In addition, models developed for a particular catchment cannot be applied directly to another due to variations in catchment characteristics, land use/cover, soil, geology, and climatic conditions. The development of transferable models that can account for specific variations in catchment while taking general patterns would be valuable for the management of water resources on a larger scale [
24]. On the other hand, capturing the characteristics related to human activities, such as agricultural practices, urbanization, and industrial activities, has a significant impact on water quality. Incorporating socio-economic factors into machine learning models can improve their predictive power and enable more comprehensive water quality assessments. However, the integration of socio-economic data and understanding the complex interactions between human activity and water quality present challenges that must be addressed.
It should be noted that the need for greater ambiguity and transparency in machine learning models can limit the adoption and acceptance of these models by policymakers and stakeholders [
25]. The development of logical machine learning techniques that provide insights into the model decision-making process and highlight the most influential catch characteristics would improve the reliability and usability of predictive models.
Addressing these gaps requires interdisciplinary collaborations among hydrologists, ecologists, data scientists, policymakers, and other relevant stakeholders. Furthermore, focusing on data-driven approaches, data-sharing initiatives, and advances in computational methods will be critical to advancing the field and harnessing the full potential of machine learning in predicting river water quality based on catchment characteristics. In the study, we intend to investigate how we can address spatial variations in the characteristics of the catchment to explain river water quality using machine learning techniques.
This paper explores the relationship between catchment attributes and in-stream water quality parameters using machine learning methods. It evaluates model accuracy with RMSE, MAE, R, and MAPE, identifies optimal models for 11 parameters, and determines significant influencing variables.

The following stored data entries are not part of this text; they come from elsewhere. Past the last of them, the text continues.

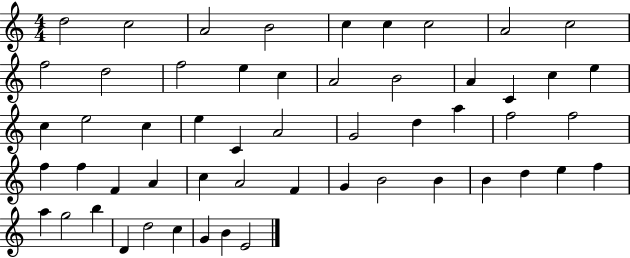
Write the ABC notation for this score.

X:1
T:Untitled
M:4/4
L:1/4
K:C
d2 c2 A2 B2 c c c2 A2 c2 f2 d2 f2 e c A2 B2 A C c e c e2 c e C A2 G2 d a f2 f2 f f F A c A2 F G B2 B B d e f a g2 b D d2 c G B E2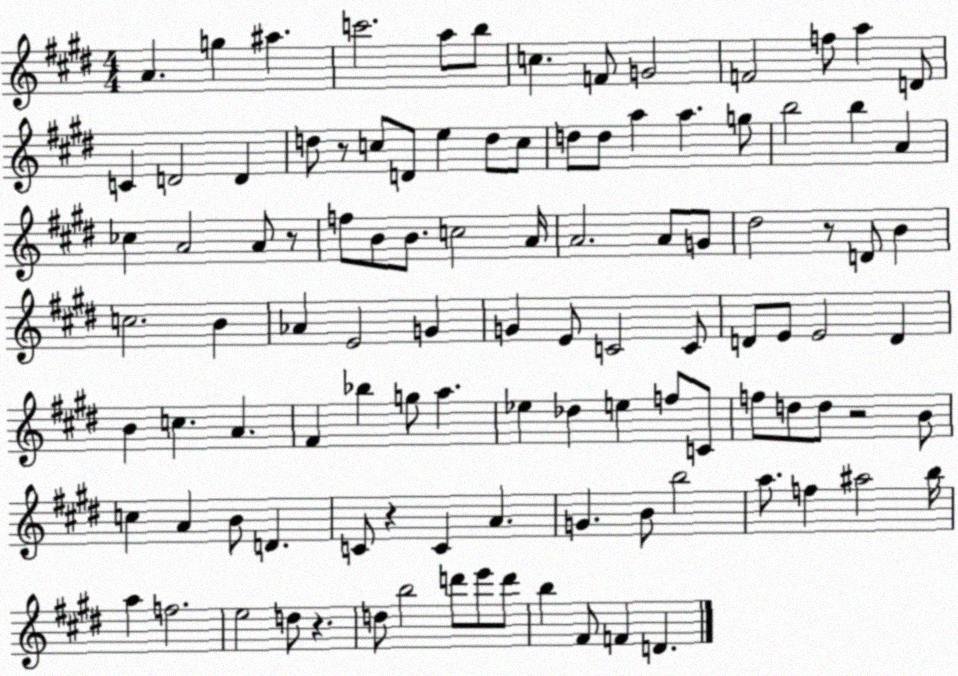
X:1
T:Untitled
M:4/4
L:1/4
K:E
A g ^a c'2 a/2 b/2 c F/2 G2 F2 f/2 a D/2 C D2 D d/2 z/2 c/2 D/2 e d/2 c/2 d/2 d/2 a a g/2 b2 b A _c A2 A/2 z/2 f/2 B/2 B/2 c2 A/4 A2 A/2 G/2 ^d2 z/2 D/2 B c2 B _A E2 G G E/2 C2 C/2 D/2 E/2 E2 D B c A ^F _b g/2 a _e _d e f/2 C/2 f/2 d/2 d/2 z2 B/2 c A B/2 D C/2 z C A G B/2 b2 a/2 f ^a2 b/4 a f2 e2 d/2 z d/2 b2 d'/2 e'/2 d'/2 b ^F/2 F D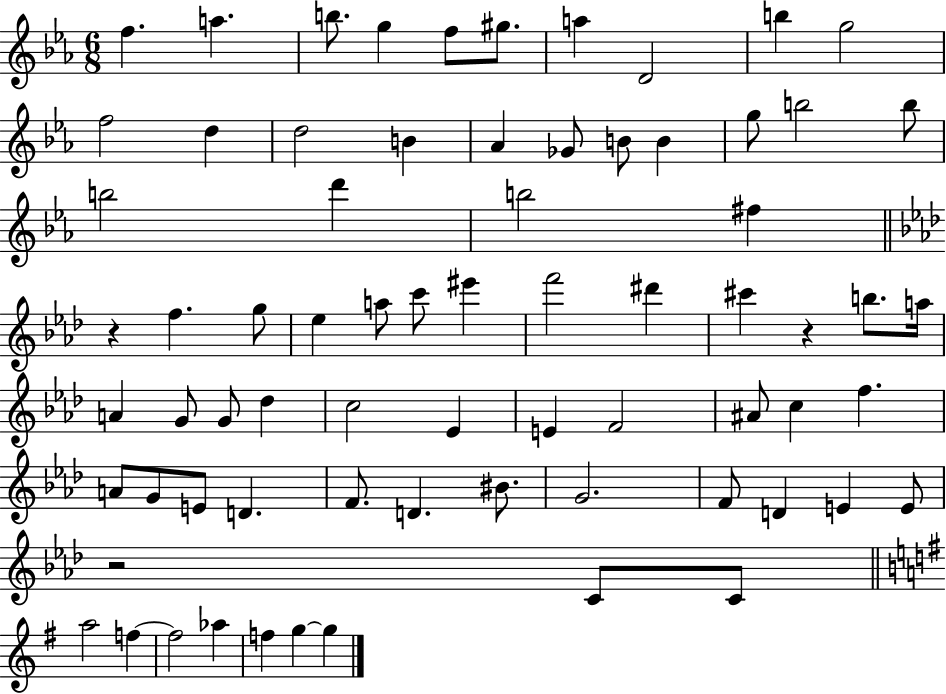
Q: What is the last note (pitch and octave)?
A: G5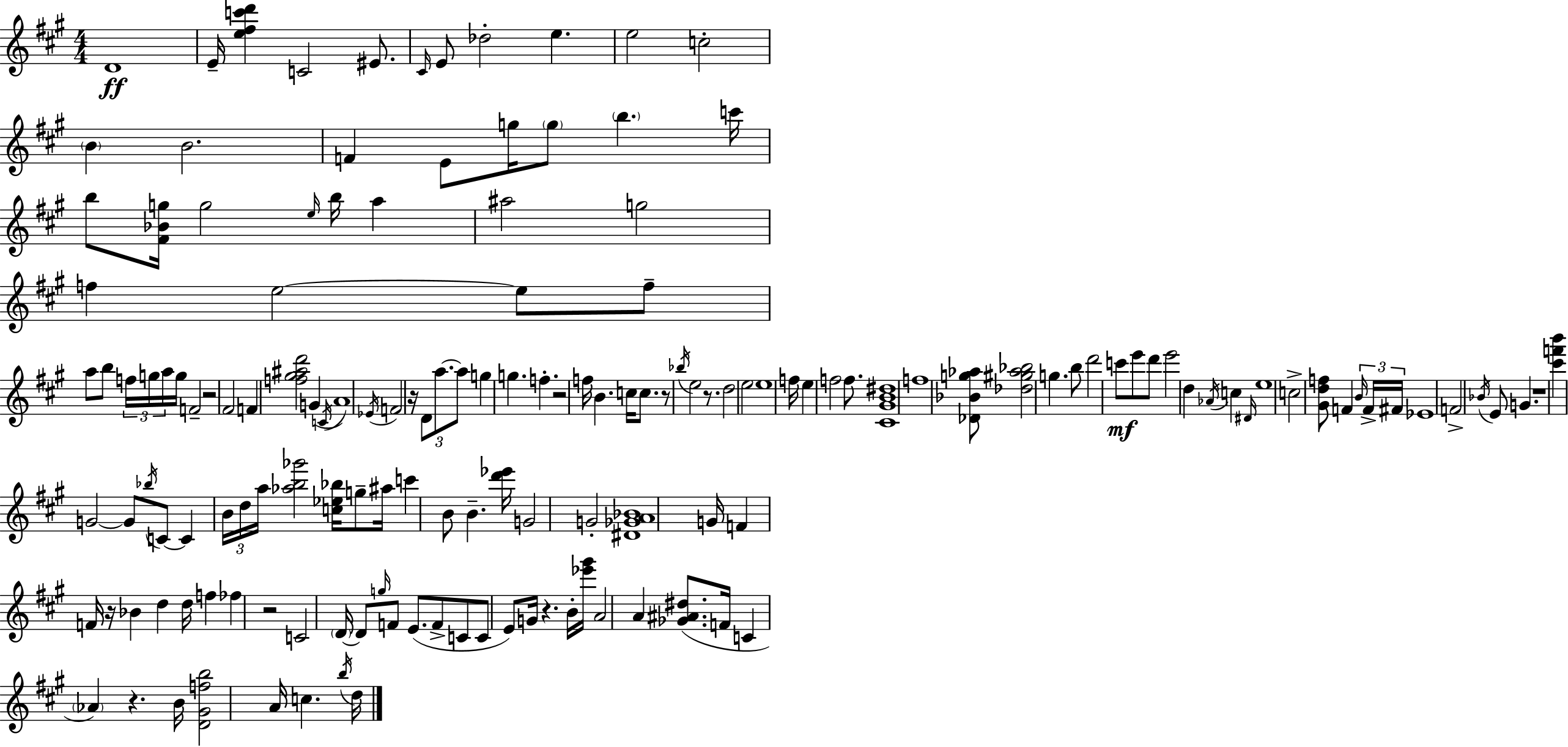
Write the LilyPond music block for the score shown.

{
  \clef treble
  \numericTimeSignature
  \time 4/4
  \key a \major
  d'1\ff | e'16-- <e'' fis'' c''' d'''>4 c'2 eis'8. | \grace { cis'16 } e'8 des''2-. e''4. | e''2 c''2-. | \break \parenthesize b'4 b'2. | f'4 e'8 g''16 \parenthesize g''8 \parenthesize b''4. | c'''16 b''8 <fis' bes' g''>16 g''2 \grace { e''16 } b''16 a''4 | ais''2 g''2 | \break f''4 e''2~~ e''8 | f''8-- a''8 b''8 \tuplet 3/2 { f''16 g''16 a''16 } g''16 f'2-- | r2 fis'2 | f'4 <f'' gis'' ais'' d'''>2 g'4( | \break \acciaccatura { c'16 } a'1) | \acciaccatura { ees'16 } f'2 r16 \tuplet 3/2 { d'8 a''8.~~ | a''8 } g''4 g''4. f''4.-. | r2 f''16 b'4. | \break c''16 c''8. r8 \acciaccatura { bes''16 } e''2 | r8. d''2 e''2 | e''1 | f''16 e''4 f''2 | \break f''8. <cis' gis' b' dis''>1 | f''1 | <des' bes' g'' aes''>8 <des'' gis'' aes'' bes''>2 g''4. | b''8 d'''2 c'''8\mf | \break e'''8 d'''8 e'''2 d''4 | \acciaccatura { aes'16 } c''4 \grace { dis'16 } e''1 | c''2-> <gis' d'' f''>8 | f'4 \tuplet 3/2 { \grace { b'16 } f'16-> fis'16 } ees'1 | \break f'2-> | \acciaccatura { bes'16 } e'8 g'4. r1 | <cis''' f''' b'''>4 g'2~~ | g'8 \acciaccatura { bes''16 } c'8~~ c'4 \tuplet 3/2 { b'16 d''16 | \break a''16 } <aes'' b'' ges'''>2 <c'' ees'' bes''>16 g''8-- ais''16 c'''4 | b'8 b'4.-- <d''' ees'''>16 g'2 | g'2-. <dis' ges' a' bes'>1 | g'16 f'4 f'16 | \break r16 bes'4 d''4 d''16 f''4 fes''4 | r2 c'2 | \parenthesize d'16~~ d'8 \grace { g''16 } f'8 e'8.( f'8-> c'8 c'8 | e'8) g'16 r4. b'16-. <ees''' gis'''>16 a'2 | \break a'4 <ges' ais' dis''>8.( f'16 c'4 | \parenthesize aes'4) r4. b'16 <d' gis' f'' b''>2 | a'16 c''4. \acciaccatura { b''16 } d''16 \bar "|."
}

The predictive models developed for each water parameter demonstrate strong performance in most cases. The significant variables identified provide insights into the key factors influencing water quality in the studied catchment. This research, therefore, serves as a catalyst for fostering a nuanced and effective approach to water resource management, underpinned by the empirical foundation laid by the predictive models and the discerned influential variables. As a result, the integration of these findings into decision-making processes holds the potential to optimize resource allocation, mitigate environmental impacts, and ultimately contribute to the overarching goal of achieving sustainable and resilient water ecosystems. The study highlights the potential of artificial intelligence for quick and accurate water quality assessment, tailored to watershed attributes.
2. Materials and Methods
To establish relationships between the catchment attributes and water quality parameters, machine learning methods were employed. Multiple algorithms, such as regression trees, TreeBagger, Random Forests, and Gaussian process regression (GPR) models, were applied to construct predictive models for each water quality parameter.
2.1. Regression Tree Models
The fundamental concept behind regression trees is to partition the input space into distinct regions and assign predictive values to these regions. This segmentation enables the model to make predictions based on the most relevant conditions and characteristics of the data. A regression tree (RT) is a simple and comprehensible machine learning model applicable to both regression and classification problems. It follows a tree-like structure composed of nodes and branches (
Figure 1).
Each node corresponds to a specific condition related to the input data, and this condition is evaluated at each node as the data progresses through the tree.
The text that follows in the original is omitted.